The Fourier proof of the last example actually optimizes some skewed measure of a general family of subsets, in other words, instead of limiting the sets to be of size $k$, we just give more "relevance" to sets of size roughly $k$. The proof goes as follows:
- Find some inner product so that $\langle f,1 \rangle_p$ is the required skewed measure (which is $\mu_p(A) = p^{|A|} (1-p)^{|S\setminus A|}$ for $p \approx k/n$).
- Find some "convolution operator" $X$ such that $\langle f,Xf \rangle_p = 0$ for every intersecting family, and moreover the eigenvectors of $X$ are orthogonal with respect to the inner product.
- Follow the same steps as above to conclude that $\mu_p(f) \leq p$.
The construction of the convolution operator $X$ crucially uses the fact that symmetric matrices are unitarily diagonalizable (the symmetric matrix in question is obtained from a reversible Markov chain). The operator $X$ is not strictly unitarily diagonalizable, since its eigenvectors are only orthogonal with respect to the skewed inner product (in which the stationary distribution of the Markov chain crops up), but it is obtained from such a matrix through scaling of rows.
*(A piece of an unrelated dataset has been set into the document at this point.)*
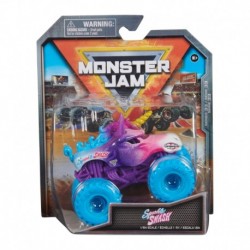 Monster Jam 1:64 Single Pack Series 33 - Sparkle Smash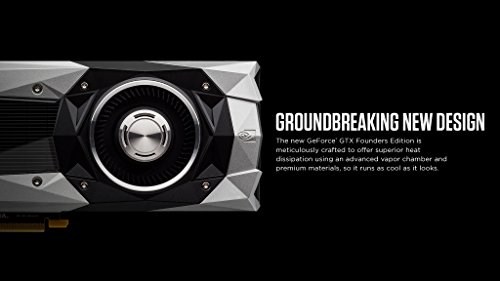 ZOTAC NVIDIA GeForce GTX 1070 Founders Edition image 5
The material is taken from a series of papers by Ehud Friedgut and friends. I will refer to them by their current numbers on his list.
- The general method (including the bound on "agreeing families of colored sets") is #16.
- The application to permutations is #2 (there are some follow-up papers by David Ellis).
- The application to graphs is #1.
- The spectral proof of Erdős-Ko-Rado is #7.
- The general construction (using the crucial property that symmetric matrices are unitarily diagonalizable) is #6.
- The connection between #7 and #6 is explained in the last section of #5.